Wednesday, April 18, 2012

All because of a Jalapeño

Yesterday evening I had a meeting to attend. I left Eddie in charge just the hysteria was hitting full stride.

I'd made southwestern chicken salad for dinner, which seems innocuous enough. Until, Ethan decided to spice things up, by slicing raw jalapeños on his dinner. I suggested that this may be going overboard, and recommended he take a small sample before he sold out to the jalapeño ridden chicken salad. With one small bite the hollering and hyperventilating began. Which set into motion a series of "I dare you" stupidities. Emma ended up sobbing and blowing bubbles into a glass of milk trying to get it to cool down her flaming lips. Puffy eyed, puffy lipped, red faced with milk dripping down her chin, she couldn't understand why she was hard to take seriously. Watching the drama unfold Caleb decided it would be funny to feed a jalapeño to the dog. And when didn't produce the reaction he was looking for he decided to sword fight his baby sister. She, unexplainably, ended up with the blunt tip of a purple plastic light saber jammed into her eye socket.

Which is when I decided to leave.

Apparently, more drama unfolded after my departure -something to do with jalapeño juice in some kid's eyes.
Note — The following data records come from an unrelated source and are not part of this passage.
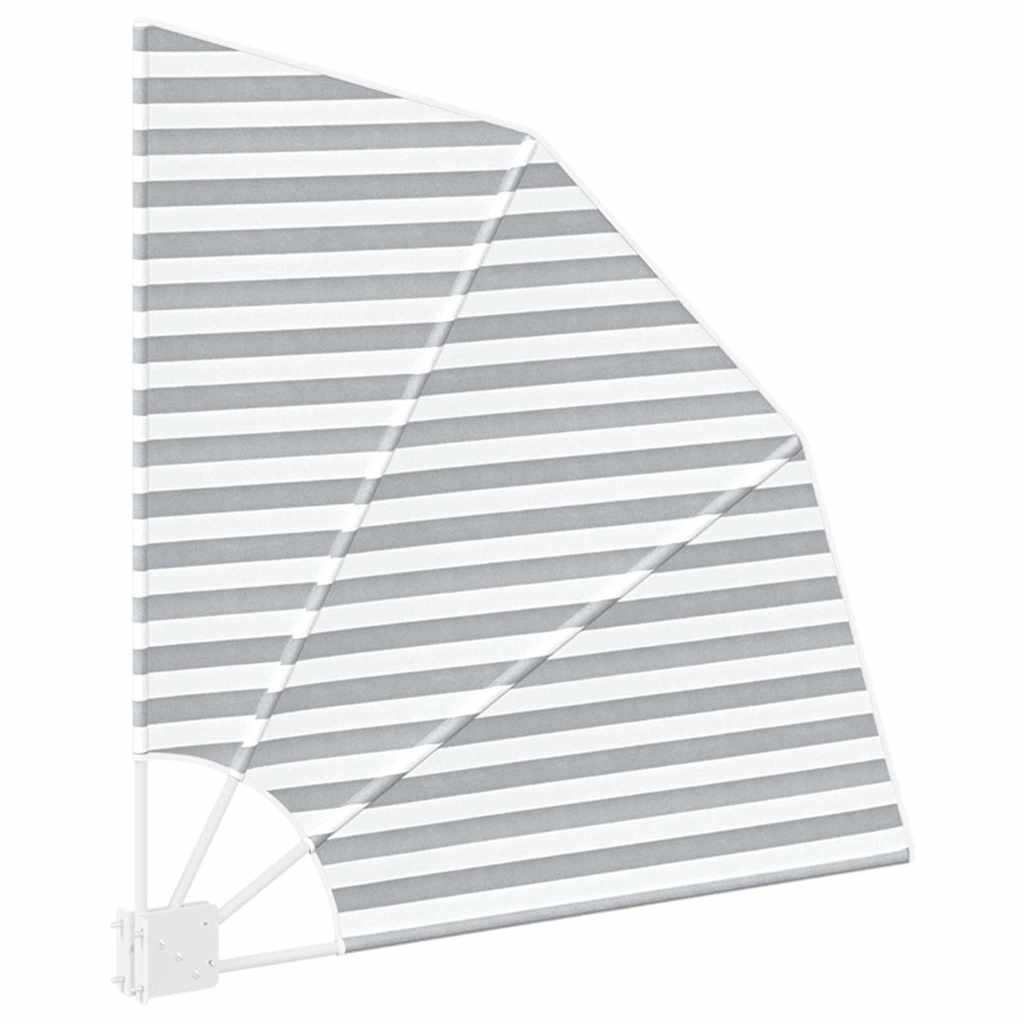 Balkon Sichtschutz 115 x 115 cm Polyester Anthrazit und Weiß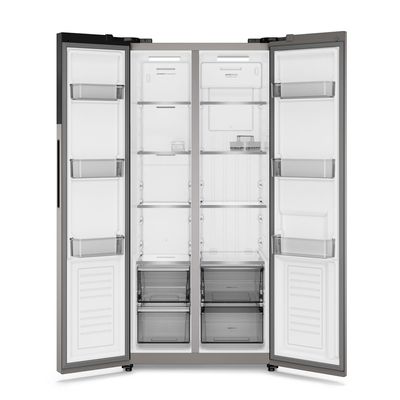 Geladeira Electrolux Frost Free Inverter 431L AutoSense Bivolt Side by Side Cor Inox Look (ES40S) Bivolt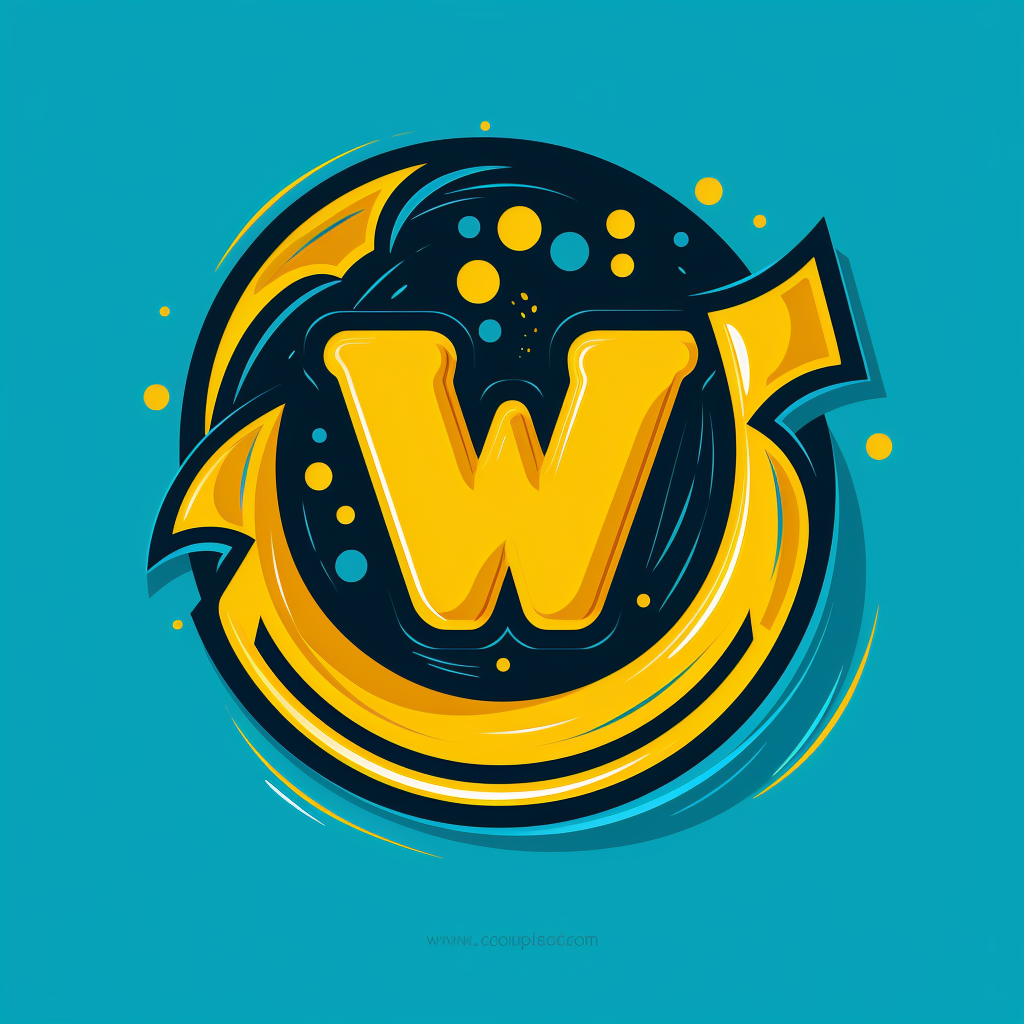 Simple Logo Design with C and W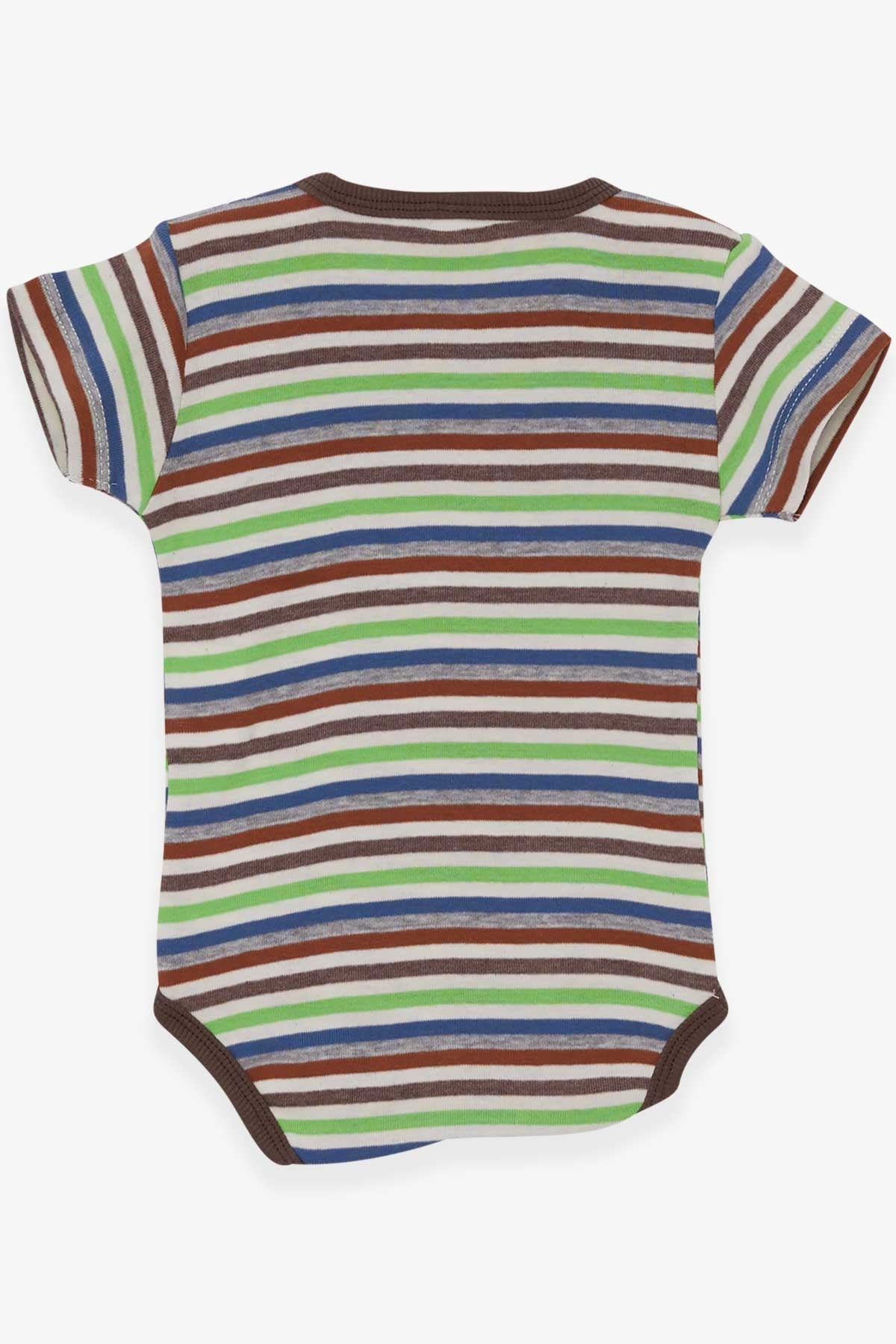Breeze Erkek Bebek Çıtçıtlı Body Çizgili Karışık Renk (9 Ay-3 Yaş)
It was a three ring circus.

About half way to my meeting I started to giggle. Because, if it wasn't happening at my house, and it wasn't my children it would be down right comical in a sort of horrific way. 5 miles down the highway I could find the humor that evaded in the moment. Even now I can't quite put my finger on why the giggles kept erupting; I imagine it has something to do with the level of chaos that seemingly sprung out of nowhere, and how often that moment of time can become a metaphor for a bigger slice of my life.